======== Data shown ========

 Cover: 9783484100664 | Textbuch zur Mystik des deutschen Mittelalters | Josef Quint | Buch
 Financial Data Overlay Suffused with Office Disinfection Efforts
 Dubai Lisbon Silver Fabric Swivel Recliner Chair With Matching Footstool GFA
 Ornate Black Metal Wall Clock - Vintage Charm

========
======== Data shown ========

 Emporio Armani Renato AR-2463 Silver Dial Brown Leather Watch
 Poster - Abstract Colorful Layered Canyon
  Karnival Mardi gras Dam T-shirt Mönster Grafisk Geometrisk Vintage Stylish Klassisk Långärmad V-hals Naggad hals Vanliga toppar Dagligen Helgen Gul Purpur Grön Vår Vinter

========

# The task
Give the number of lines in the entries that hold the string "Vintage", and add nothing else.

# Solution
2